(Dataset items)
Content starts

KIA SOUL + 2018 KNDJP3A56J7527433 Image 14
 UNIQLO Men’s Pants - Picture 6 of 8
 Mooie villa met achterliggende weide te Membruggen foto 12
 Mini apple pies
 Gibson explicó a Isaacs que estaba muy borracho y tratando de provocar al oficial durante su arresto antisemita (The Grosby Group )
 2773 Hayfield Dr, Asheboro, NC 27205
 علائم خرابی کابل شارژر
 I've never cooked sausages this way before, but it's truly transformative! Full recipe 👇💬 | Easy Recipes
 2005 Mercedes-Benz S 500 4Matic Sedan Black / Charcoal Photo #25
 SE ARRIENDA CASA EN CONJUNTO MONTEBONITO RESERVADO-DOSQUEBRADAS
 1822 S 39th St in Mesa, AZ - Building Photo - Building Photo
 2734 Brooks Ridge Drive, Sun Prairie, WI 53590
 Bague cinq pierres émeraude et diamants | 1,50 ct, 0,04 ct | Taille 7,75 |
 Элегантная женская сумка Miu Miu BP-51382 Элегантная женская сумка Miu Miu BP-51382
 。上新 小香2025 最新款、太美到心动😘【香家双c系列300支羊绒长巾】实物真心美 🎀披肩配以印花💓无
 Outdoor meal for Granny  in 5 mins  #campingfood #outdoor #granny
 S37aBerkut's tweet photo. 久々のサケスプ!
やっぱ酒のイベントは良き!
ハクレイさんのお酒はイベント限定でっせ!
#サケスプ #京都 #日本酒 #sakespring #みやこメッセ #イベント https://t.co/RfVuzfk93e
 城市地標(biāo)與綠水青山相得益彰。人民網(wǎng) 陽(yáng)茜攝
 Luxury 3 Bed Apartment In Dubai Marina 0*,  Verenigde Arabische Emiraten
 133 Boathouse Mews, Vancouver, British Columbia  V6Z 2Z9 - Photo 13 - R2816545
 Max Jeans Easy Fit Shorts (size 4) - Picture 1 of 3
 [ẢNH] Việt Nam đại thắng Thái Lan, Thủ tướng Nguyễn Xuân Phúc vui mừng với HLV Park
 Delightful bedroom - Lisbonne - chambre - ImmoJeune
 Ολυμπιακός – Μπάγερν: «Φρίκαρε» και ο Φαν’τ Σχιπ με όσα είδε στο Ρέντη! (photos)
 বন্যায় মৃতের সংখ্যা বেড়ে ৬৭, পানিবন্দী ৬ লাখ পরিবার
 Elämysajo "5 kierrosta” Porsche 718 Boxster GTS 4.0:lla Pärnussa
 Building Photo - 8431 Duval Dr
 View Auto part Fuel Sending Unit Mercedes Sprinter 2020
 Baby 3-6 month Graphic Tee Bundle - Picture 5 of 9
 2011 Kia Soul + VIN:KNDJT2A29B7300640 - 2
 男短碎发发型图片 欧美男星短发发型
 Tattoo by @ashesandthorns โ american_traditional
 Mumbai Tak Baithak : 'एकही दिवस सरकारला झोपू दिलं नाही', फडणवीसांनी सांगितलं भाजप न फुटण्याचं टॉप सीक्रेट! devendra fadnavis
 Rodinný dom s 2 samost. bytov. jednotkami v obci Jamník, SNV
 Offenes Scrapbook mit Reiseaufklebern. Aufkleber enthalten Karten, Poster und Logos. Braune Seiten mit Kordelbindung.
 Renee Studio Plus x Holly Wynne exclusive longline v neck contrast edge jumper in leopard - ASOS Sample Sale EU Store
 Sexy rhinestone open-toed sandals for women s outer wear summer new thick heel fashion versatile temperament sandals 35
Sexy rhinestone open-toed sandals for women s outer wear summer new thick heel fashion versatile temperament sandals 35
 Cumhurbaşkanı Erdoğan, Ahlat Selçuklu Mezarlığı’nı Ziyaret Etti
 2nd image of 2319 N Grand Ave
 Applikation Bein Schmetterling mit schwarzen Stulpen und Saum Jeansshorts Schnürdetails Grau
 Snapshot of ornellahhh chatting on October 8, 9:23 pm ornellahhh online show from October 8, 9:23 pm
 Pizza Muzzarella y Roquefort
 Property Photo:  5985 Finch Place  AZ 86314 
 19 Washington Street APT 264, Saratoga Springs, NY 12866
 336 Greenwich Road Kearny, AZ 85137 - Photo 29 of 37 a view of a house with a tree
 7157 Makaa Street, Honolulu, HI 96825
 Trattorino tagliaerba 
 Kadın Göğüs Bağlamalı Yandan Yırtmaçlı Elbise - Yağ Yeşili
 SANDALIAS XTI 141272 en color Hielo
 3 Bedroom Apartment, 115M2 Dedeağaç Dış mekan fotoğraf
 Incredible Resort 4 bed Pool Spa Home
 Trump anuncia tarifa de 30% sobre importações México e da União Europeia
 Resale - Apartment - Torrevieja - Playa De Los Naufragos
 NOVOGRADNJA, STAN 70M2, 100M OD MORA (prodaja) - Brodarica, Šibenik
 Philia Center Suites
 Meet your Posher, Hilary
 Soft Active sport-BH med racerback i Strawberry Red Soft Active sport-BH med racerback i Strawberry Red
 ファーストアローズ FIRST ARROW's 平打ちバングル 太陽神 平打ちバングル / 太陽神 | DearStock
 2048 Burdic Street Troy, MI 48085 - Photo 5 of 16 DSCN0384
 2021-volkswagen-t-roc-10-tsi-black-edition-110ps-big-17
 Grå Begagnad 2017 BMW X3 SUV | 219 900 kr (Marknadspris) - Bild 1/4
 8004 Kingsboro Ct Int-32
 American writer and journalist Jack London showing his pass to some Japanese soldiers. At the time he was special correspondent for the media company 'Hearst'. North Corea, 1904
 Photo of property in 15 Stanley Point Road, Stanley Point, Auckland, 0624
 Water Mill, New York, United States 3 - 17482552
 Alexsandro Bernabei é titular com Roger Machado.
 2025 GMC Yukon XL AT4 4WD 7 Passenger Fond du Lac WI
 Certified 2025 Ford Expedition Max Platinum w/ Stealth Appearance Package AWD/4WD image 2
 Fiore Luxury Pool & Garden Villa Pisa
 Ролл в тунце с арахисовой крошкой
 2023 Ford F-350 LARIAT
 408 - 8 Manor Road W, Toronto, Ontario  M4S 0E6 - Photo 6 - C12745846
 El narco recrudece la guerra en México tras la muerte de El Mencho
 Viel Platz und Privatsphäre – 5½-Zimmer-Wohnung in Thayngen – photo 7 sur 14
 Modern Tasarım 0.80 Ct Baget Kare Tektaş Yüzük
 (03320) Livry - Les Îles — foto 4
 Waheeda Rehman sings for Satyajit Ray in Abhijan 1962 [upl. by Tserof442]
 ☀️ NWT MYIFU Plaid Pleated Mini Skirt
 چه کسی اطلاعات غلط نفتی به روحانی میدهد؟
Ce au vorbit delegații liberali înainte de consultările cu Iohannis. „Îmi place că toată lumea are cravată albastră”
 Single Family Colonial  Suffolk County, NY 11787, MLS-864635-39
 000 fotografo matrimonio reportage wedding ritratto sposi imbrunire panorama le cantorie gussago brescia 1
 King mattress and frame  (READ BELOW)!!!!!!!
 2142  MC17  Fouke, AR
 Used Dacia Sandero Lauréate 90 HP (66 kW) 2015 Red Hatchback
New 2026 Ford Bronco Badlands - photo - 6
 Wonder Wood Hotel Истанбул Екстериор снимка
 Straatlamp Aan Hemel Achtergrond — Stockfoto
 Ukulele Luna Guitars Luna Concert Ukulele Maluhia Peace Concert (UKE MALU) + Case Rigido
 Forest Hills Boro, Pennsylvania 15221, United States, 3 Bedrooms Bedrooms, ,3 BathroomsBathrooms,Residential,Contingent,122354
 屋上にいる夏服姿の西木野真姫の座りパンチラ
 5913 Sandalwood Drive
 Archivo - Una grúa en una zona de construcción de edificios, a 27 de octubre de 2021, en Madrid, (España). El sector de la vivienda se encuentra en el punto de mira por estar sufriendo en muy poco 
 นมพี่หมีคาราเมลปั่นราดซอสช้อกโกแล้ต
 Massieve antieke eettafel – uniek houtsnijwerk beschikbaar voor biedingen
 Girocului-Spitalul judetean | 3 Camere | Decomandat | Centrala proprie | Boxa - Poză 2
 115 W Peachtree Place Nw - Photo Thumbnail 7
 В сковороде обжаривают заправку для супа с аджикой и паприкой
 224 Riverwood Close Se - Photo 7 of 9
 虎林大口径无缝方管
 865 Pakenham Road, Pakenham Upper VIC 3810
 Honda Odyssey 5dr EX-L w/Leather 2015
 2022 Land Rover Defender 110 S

Content ends

Filter the records above and return every line that holds the word "States".

 Water Mill, New York, United States 3 - 17482552
 Forest Hills Boro, Pennsylvania 15221, United States, 3 Bedrooms Bedrooms, ,3 BathroomsBathrooms,Residential,Contingent,122354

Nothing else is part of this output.